As noted, your first year or so of building an AI capability should be focused on the higher-level needs, including:
- Bringing in partners and key builders
- Creating broad awareness across the company
- Surfacing opportunities
- Creating or acquiring data
- Prioritizing a road map
Bring these components together before you fully staff your team. When you are ready, the tools may be easier to use, the talent pool richer, and your vision clearer—and you will be able to demonstrate the kind of momentum that attracts top AI talent to your team.
8. Set appropriate expectations
As you gain confidence in your AI capability’s potential to drive future growth and competitive advantage, it can be tempting to paint a glowing picture of the future for stakeholders. You may have some management pressure to do so. But do not set early expectations about what AI will do for your organization in the future. If you set expectations incorrectly, you could be setting up your AI capability for failure.
Building AI is nearly always a discovery process—using what you know to determine what you don’t know, learning, and improving—and repeating the entire cycle until you converge on something exciting and valuable. It’s challenging to estimate progress in a series of scientific experiments because each one builds on the last. By definition, for any discovery process, you cannot know what to expect.
Get your AI capability up and running, and be clear on what is feasible now, in the short term, and in the long term. When you and your AI team are confident you have created a powerful foundation to support predictable, measurable progress, then you can start setting expectations.
Take your AI capabilities beyond the buzz
It’s true that AI is one of today’s most-hyped technologies, and more and more companies claim to have expertise in creating AI-powered solutions. But beyond the buzz, it is a fact that having a strong data strategy and AI capability is critical to every organization’s success and survival.

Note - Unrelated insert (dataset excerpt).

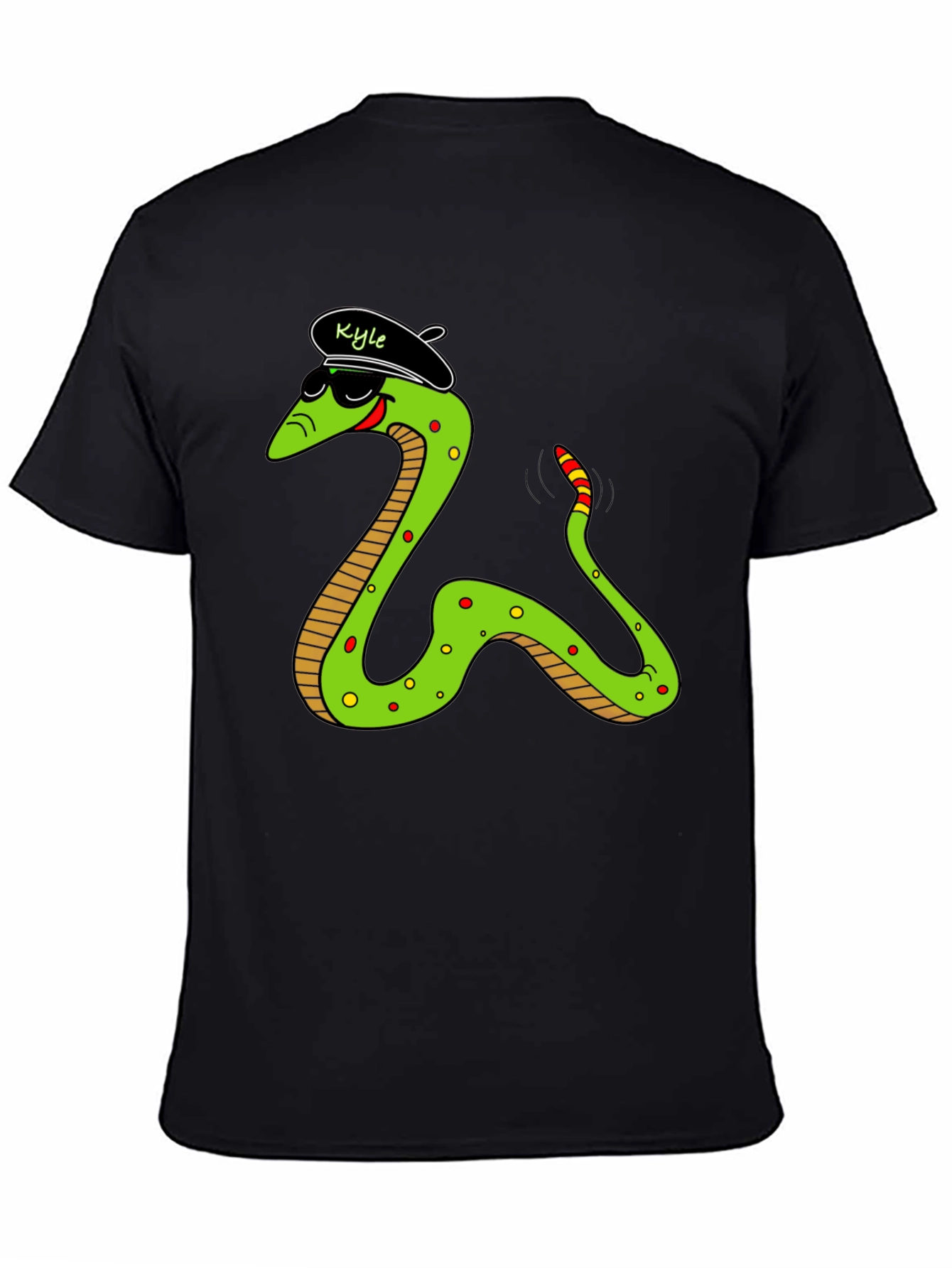 Black Cool Snake Graphic Tee - "Kyle" Beret view 4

Mastering AI and data is one of the most important things today’s organizations can do to transform themselves into exponential enterprises, achieve exponential growth, and avoid disruption. The companies leading the way in AI also lead the way in breakthrough results in this time of disruption and accelerating change. By taking a focused approach to building a world-class AI capability, your organization can join the ranks of the exponential leaders as well.